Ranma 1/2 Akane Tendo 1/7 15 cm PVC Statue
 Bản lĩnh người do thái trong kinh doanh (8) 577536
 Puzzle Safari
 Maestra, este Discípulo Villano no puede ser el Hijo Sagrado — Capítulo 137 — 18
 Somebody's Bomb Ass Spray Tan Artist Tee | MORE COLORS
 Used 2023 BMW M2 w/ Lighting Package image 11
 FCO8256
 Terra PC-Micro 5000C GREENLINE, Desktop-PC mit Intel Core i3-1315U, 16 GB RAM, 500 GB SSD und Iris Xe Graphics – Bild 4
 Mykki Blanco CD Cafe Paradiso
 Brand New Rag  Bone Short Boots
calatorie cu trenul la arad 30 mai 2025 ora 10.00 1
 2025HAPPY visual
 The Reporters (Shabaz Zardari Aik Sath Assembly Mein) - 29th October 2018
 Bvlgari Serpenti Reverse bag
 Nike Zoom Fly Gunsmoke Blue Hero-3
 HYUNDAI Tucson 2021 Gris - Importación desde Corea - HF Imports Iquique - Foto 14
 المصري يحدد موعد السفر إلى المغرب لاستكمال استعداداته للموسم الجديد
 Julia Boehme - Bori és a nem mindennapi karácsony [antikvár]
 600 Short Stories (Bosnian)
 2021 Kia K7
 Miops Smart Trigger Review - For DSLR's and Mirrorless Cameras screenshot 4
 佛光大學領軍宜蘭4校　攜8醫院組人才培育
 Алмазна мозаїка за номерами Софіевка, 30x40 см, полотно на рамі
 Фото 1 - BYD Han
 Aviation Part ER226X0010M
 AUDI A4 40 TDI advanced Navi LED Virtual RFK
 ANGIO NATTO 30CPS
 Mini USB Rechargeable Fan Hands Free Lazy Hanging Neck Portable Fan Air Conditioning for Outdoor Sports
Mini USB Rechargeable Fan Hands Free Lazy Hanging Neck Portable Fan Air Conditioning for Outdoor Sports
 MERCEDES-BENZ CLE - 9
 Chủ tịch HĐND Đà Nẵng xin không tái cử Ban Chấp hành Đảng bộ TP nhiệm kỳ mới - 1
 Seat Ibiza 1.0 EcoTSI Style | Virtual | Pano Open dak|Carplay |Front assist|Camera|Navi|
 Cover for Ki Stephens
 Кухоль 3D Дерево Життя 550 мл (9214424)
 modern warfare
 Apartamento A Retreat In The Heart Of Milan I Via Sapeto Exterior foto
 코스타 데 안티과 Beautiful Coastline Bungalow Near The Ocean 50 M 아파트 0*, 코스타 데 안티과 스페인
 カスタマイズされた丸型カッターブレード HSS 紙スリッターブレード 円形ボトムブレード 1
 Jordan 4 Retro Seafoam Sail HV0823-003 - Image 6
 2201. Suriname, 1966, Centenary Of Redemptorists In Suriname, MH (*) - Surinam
★ ★ ★
● DIRECTIONS FOR THIS TASK
The lines needed are those in the data above that hold the string "Navi"; copy each of them.

● TASK OUTPUT
 AUDI A4 40 TDI advanced Navi LED Virtual RFK
 Seat Ibiza 1.0 EcoTSI Style | Virtual | Pano Open dak|Carplay |Front assist|Camera|Navi|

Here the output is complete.